Gas will be sufficient, but it won’t be cheap
“We may have enough natural gas, but we’ll pay dearly for it,” is the consensus in Greece as far as the country’s fuel’s sufficiency is concerned.
This is an issue of growing significance in Europe, as the winter period begins with low reserves, a reduced flow from Russia and much of the available liquefied natural gas heading to Asian markets, where demand is huge.
Greece’s Regulatory Authority for Energy (RAE) and gas grid operator DESFA consider the quantities arriving in the country via pipelines from Russia and Azerbaijan as secure. In the first eight months of 2021 those sources accounted for 67% of domestic demand – 13.76% higher than in the same period last year.
The Greek market may have been bolstered by the operation of the Trans Adriatic Pipeline, via which 1 billion cubic meters of gas is transmitted annually, but it is also exposed to the unstable and very expensive LNG market (33-37%); this forces the competent authorities to remain alert, even if they don’t see any problem for now.
Authorities say the gas loads scheduled up to November are absolutely safeguarded; they also stress there will be normal supply from the spot market, where gas quantities can be found as long as one is willing to pay good money for them.

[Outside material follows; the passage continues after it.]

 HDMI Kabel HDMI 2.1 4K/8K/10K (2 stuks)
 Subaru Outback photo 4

The situation regarding the local market sufficiency will likely be assessed during the week at a RAE meeting with DESFA and electricity grid operator ADMIE, as power market sufficiency depends on that of natural gas given that 40% of electricity output relies on gas.

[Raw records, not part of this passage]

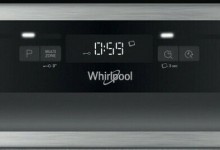 Whirlpool WSBC 3M17 X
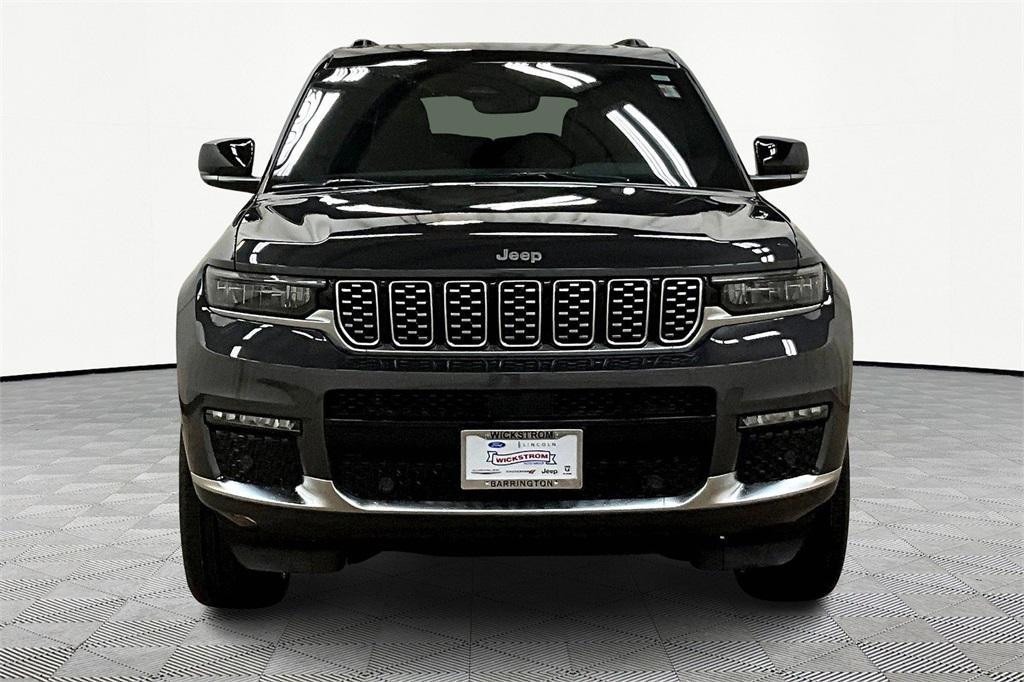 new 2025 Jeep Grand Cherokee L car, priced at $54,490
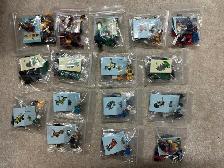 Mini Fugures sets (vehicle   figure)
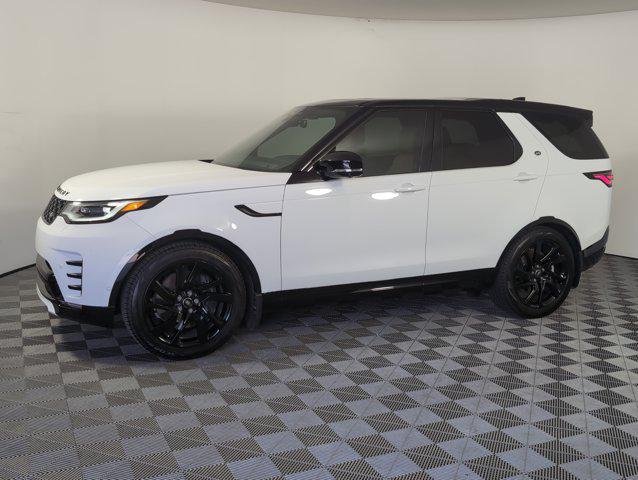 used 2025 Land Rover Discovery car, priced at $71,991
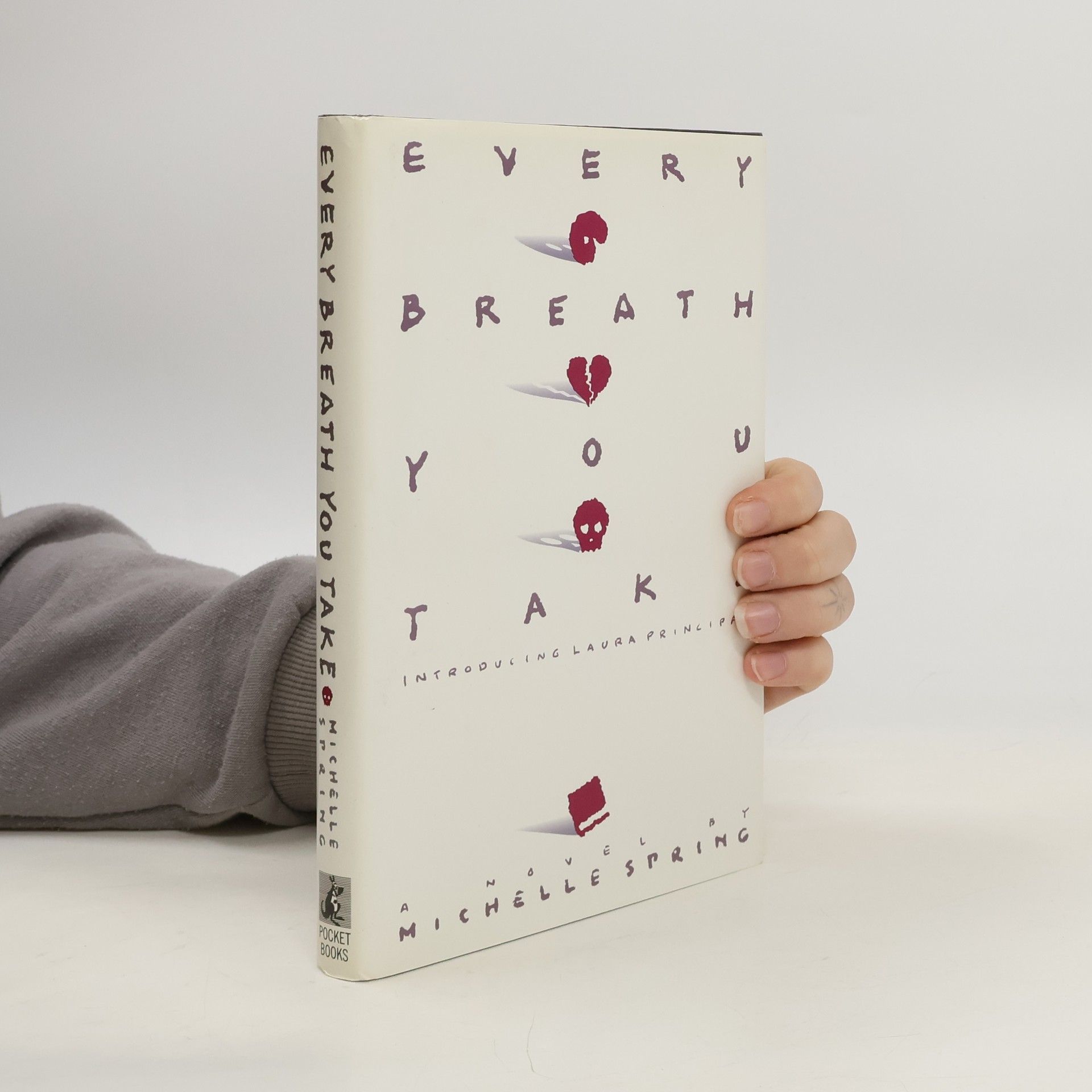 Michelle Spring Every Breath You Take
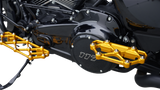 ARLEN NESS Diamond Floorboards - Passenger - Gold 410-061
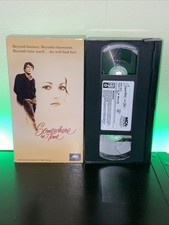 Somewhere in Time (VHS, 1996)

The cost of an LNG load has soared from $20 million last year to $90-100 million. During the summer one company in the sector decided to cancel an order due to the high rates, while others resorted to sharing orders in order to cut costs – this is a trend that is expected to dominate the market in the coming months, until rates subside.
Predictably, the high LNG rates have led to shifts in the local gas market, with companies resorting to cheaper contracts wholesalers offer, as they also have the fuel through pipelines, such as DEPA, Mytilineos and the Copelouzos Group.
LNG’s share soared in 2020 due to its low rates, but it has now dropped significantly with the change in rates.